どうしてそのようになるのかを考えてみよう。この二つの問題では、
・何が動かせるか
・どこに動かせるか
という二つの決定を行わなければならない。
ミカン問題ではルールさえなければどのミカンでも移動できるし、それらをどこにでも置くことができる。しかし、ルールがあるので特定のものしか動かせない。たとえば最初の一手目を考えてみると、動かせるのは大きなミカンだけだが、それはルール②があるからそうなのであって、物理的にはどれでも動かせる。また、仮に一手目で大きなミカンを右の皿に動かし、次に中サイズのミカンを動かす場面を考えてみよう。この中サイズのミカンは物理的には真ん中の皿にも、右の皿にも置ける。しかし、ルール③によって右の皿には置けないことがわかる。このようにどこに、何を、の決定の際にいちいちルールを思い出す必要がある。
一方、ジュース問題のほうは、多くの場合においてどれが動かせるか、どこに動かせるかは見ればわかるのである。最初は大きなグラスしか動かせないし、二手目でグラスが右にある場合に中サイズのグラスを右に置こうとしても、それではジュースが溢れてしまうので、できないことがわかる。つまり、どこに何を、の決定を行う際に、ルールを思い出す必要がないのである。別の言い方をすると、世界がパズルのルールを記憶してくれているということになる。
このように、問題のルールのようなものも世界の中に埋め込んで、世界に記憶させてしまうことができる。そうすることにより、記憶を維持するための努力が不要になる。その結果、そこでの認知的なエネルギーを探索や推論などの別の処理に向けることができるようになり、問題解決が促進されるわけである。
テトリスのピースマッチ計算を世界にさせる
世界が見せてくれたり記憶してくれたりするおかげで、私たちの取り組む問題自体も変わってくる。
カーシュとマグリオという研究者たちは、テトリスというゲームを使ってこのことをみごとな形で示している(84)。
はじめピースはゆっくりと落ちてくるが、ゲームの後半になると非常に速く落ちてくるようになる。
そういうことなので、後半では落ちてくるピースを何回回転させて、どこに落とすかを瞬時に判断しなければならない。これに熟達した人は、素人からは信じられないほど手際よくピースを回転、移動させて得点を重ねていく。こうした熟達者は機械のように正確で、無駄な動きをせずにゲームを行っているのだろうか。実はそうではない。彼らは無駄な回転をさせたり、必要のない移動をよく行うらしいのだ。

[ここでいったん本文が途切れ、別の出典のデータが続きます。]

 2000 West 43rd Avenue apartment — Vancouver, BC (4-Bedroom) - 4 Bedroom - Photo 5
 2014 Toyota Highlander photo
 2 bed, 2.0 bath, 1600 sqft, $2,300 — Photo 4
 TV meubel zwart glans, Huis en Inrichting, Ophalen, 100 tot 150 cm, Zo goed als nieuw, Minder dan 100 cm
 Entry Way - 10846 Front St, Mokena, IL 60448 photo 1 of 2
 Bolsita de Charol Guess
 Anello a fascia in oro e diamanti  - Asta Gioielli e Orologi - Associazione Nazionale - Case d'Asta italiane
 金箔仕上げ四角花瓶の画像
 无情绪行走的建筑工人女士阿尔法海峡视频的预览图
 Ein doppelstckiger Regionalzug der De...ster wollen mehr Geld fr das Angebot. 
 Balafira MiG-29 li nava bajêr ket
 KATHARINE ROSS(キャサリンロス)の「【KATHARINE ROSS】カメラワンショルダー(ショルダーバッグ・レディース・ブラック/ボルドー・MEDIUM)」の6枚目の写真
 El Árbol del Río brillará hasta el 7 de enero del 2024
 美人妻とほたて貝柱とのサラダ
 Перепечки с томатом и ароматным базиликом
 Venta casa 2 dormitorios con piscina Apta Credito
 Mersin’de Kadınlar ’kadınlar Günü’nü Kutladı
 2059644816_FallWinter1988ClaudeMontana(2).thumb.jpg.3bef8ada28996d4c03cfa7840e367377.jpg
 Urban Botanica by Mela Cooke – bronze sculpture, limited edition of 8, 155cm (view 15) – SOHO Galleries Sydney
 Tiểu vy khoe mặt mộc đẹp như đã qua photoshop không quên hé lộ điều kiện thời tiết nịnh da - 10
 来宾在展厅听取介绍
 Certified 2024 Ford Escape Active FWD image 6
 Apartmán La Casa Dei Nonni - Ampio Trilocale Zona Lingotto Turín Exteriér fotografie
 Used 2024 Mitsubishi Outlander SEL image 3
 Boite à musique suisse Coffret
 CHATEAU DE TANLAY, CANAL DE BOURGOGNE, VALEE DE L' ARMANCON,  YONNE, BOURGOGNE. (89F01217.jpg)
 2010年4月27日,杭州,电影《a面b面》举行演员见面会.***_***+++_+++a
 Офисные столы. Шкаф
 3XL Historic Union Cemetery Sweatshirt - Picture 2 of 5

なぜだろう、何の目的があってそんなことをするのだろうか。それはピースを実際に回転させれば、落ちてくるピースがどの部分にマッチするかは見ればわかってしまうからである。これはだいたい〇・一秒程度でできるらしい。一方、頭の中で仮想的にそのピースを回転させれば、だいたい一秒程度かかるらしい。こんなことをしていれば、ゲームの終盤ではあっという間にピースが上まで積み上がり、ゲームオーバーになってしまう。
つまり、余計に見える回転は、頭の中で回転(メンタル・ローテーションと呼ばれる)させるという負荷の高い課題を、視覚的なマッチング課題に変化させているのである。カーシュらはこのように課題の性質を変化させる行為のことを、認識的行為と呼んでいる。これは、実際に問題を解くことを前進させるのではなく、前進しやすいように行う予備作業と考えることができる。
このように、世界はとてもだいじなリソースとなっている。だから私たちは、頻繁に世界とのやりとりを行いながら思考を進めている。白水( 85) らの研究で用いられた題材を通してこれを考えてみよう。目の前に折り紙が置かれている。課題はこの折り紙の四分の三の三分の二に斜線を引くことである。四分の三の三分の二は3/4×2/3で計算できるわけであり、結果は二分の一となる。だから半分に折って、片側に斜線を引けばよい。しかし、そうする人はほとんどいない。大半の人は実際に折り紙を折り始める。また解き方も面白い。折ってみて、そこからまた考え始めて、また折ったり、最初に戻って別の折り方をしたりを繰り返す。
こうした人間の行動はある意味当たり前のように思えるかもしれないが、外化という、認知にとって非常にだいじなことを見せてくれている。外化とは、私たちの認知プロセスの途中で生み出される処理結果を、外の世界に何らかの形で表すことを指す。
ここでの折り紙の実験で言えば、実際に紙を折ってみるということである。他にも話してみる、図や略図を書いてみる、手や身体を動かしてみるなど、これらはすべて外化である。外化を行うことにより、それ以前とは世界が変わり、異なる情報を知覚することになる。すると外化前とは異なるリソースが活性化し、別の認知プロセスが走り出す。すると別のプロダクトが生み出される。それを外化すると、また同じサイクルが回る。つまり、思考と環境が掛け合い漫才のようなやり取り、インタープレイを行うようになるのである。
認知システムは環境との相互作用を前提としている
私たちの内部の処理システムは助けになる世界を前提として設計されている可能性もある。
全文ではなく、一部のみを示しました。